The prospect of six - possibly nine - poor agricultural economies coming under the CAP umbrella by the end of the century has raised fears the policy's days might be numbered.

Traditional critics of the CAP - such as Britain, a net contributor to the EU budget - have seized on plans for enlargement eastward to demand a radical scaling down of the policy. Prime Minister John Major told fellow heads of government when they met in Spain last month that extending the CAP without cutting back on the level of support would cost at least 15 billion ECUs a year, an outlay his government is not prepared to sanction.

But CAP champions like France and Ireland who receive the lion's share of agricultural subsidies are prepared to veto any proposal that would see aid to their farmers trimmed in a new wave of reforms. If the choice is the survival of the CAP or enlargement, then the CAP must win, they argue.

Agriculture is such a key economic sector in Eastern Europe, however, that senior Brussels officials are now publicly warning: "Either we reform or we pay." That was the message delivered by EU External Affairs Commissioner Leon Brittan to a German audience recently.
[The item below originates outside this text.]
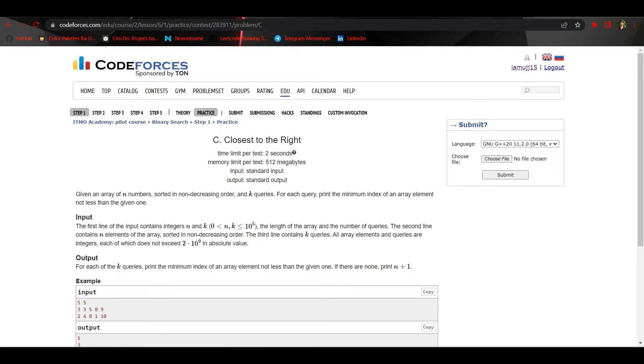Hey everyone, welcome to the video. Today we are going to see problem C of binary search step one.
The figures speak for themselves. Farming accounts for almost 8 percent of gross domestic product and employs a quarter of the East's work force. And the main agricultural products are those that currently receive the highest levels of support under the CAP: milk, meat and cereals.

If the nine countries now negotiating closer links with the EU - Poland, Hungary, the Czech and Slovak republics, Romania, Bulgaria, Latvia, Lithuania and Estonia - were all to join the bloc, the number of farmers would double, the area covered by the CAP would grow by 43 percent and the EU's cereal- growing land by 55 percent.

Admittedly output in the East has fallen since the breakup of the Soviet Union, thanks to a drop in consumer demand and the loss of former markets in

Comecon, the Soviet-led trade bloc. But the potential of these states to produce is enormous once economic recovery takes hold.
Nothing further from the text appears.